_What the task requires_.
Please repeat, from the entries that follow, the lines from the one containing "King penguins, South" through the one containing "Listen to Berceuse" exactly, adding nothing.
Record extracts section start
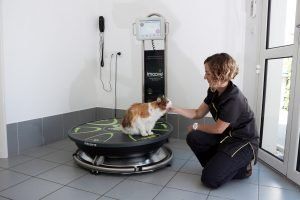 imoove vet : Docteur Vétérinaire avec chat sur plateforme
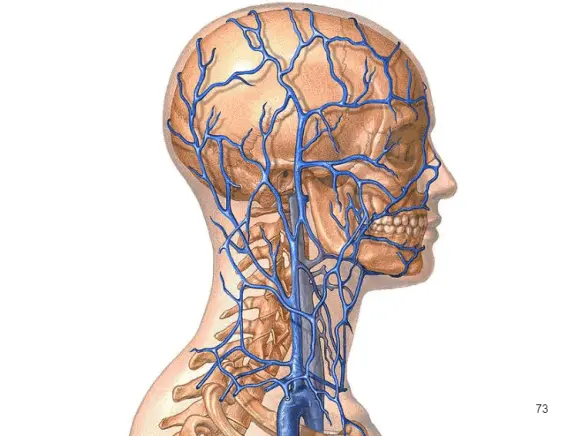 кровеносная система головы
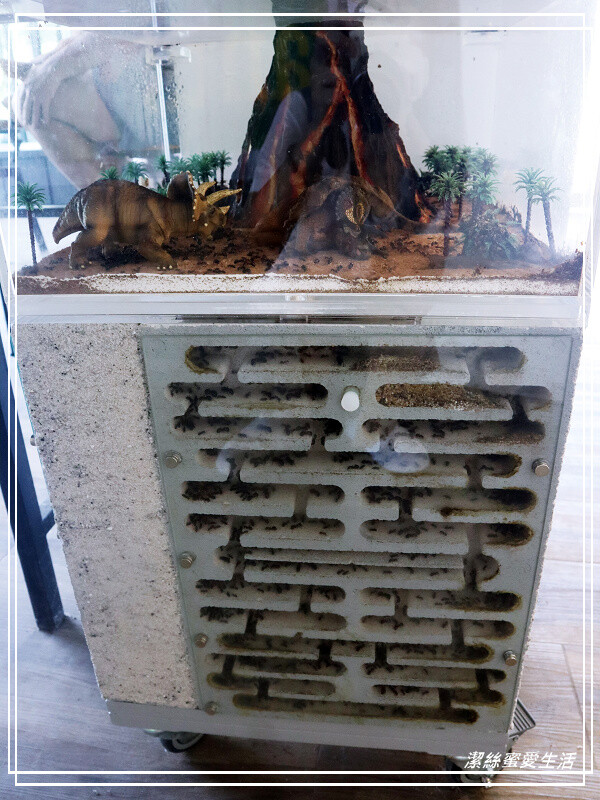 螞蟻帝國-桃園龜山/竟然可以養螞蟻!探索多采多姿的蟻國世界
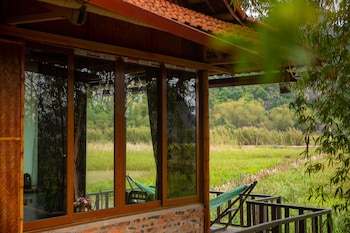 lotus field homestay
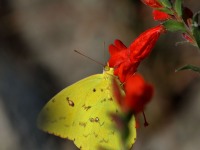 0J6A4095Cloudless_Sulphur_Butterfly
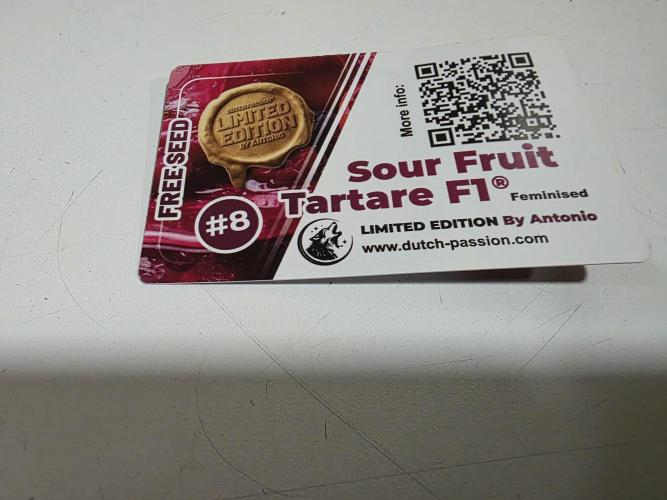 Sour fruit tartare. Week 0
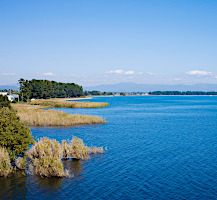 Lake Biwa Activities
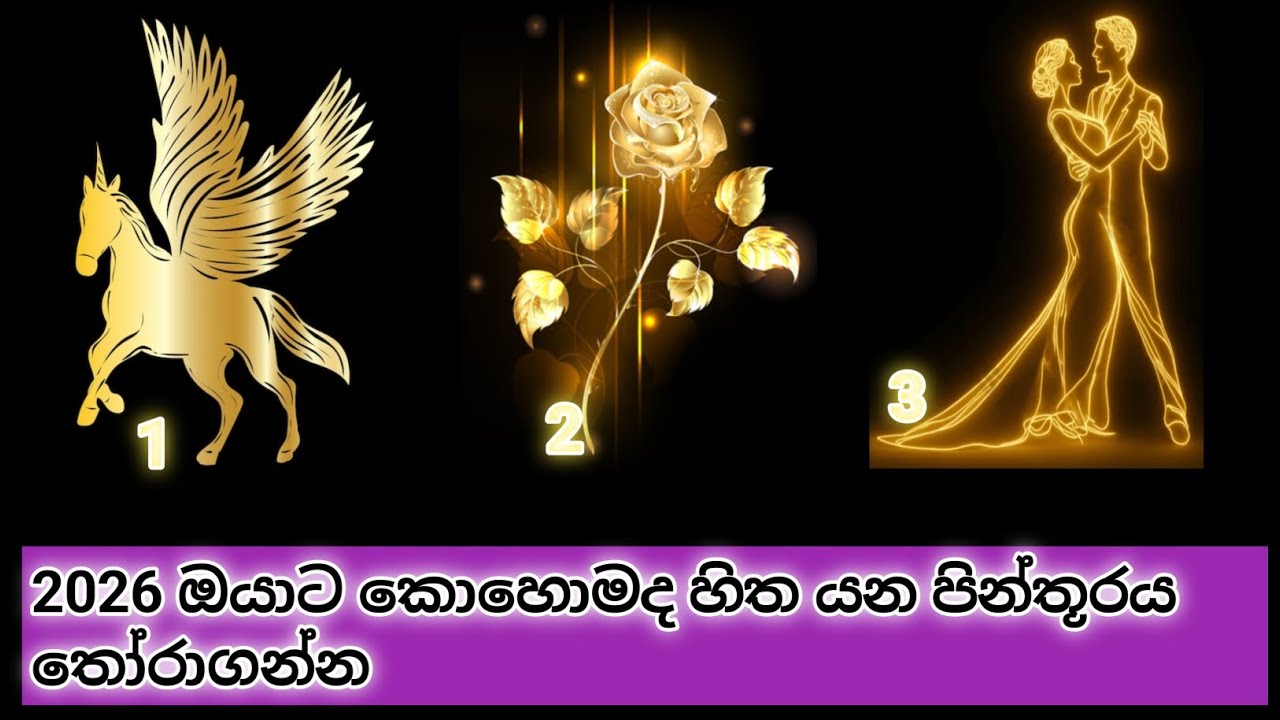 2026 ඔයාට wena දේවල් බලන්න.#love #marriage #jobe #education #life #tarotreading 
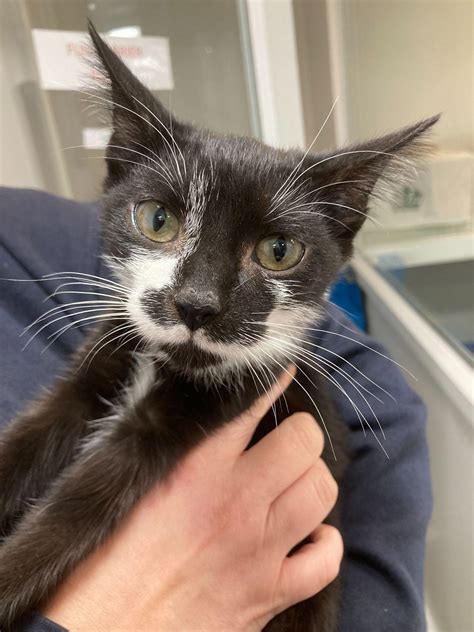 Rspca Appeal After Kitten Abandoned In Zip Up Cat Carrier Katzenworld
Record extracts section end
Record extracts section start
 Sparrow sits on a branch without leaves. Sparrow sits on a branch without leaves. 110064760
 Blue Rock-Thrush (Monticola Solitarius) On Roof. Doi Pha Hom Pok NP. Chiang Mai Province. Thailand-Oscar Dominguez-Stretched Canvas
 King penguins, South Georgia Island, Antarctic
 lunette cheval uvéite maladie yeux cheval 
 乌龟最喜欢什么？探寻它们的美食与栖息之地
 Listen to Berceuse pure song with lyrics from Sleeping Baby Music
Record extracts section end
_Solution to this problem_.
 King penguins, South Georgia Island, Antarctic
 lunette cheval uvéite maladie yeux cheval 
 乌龟最喜欢什么？探寻它们的美食与栖息之地
 Listen to Berceuse pure song with lyrics from Sleeping Baby Music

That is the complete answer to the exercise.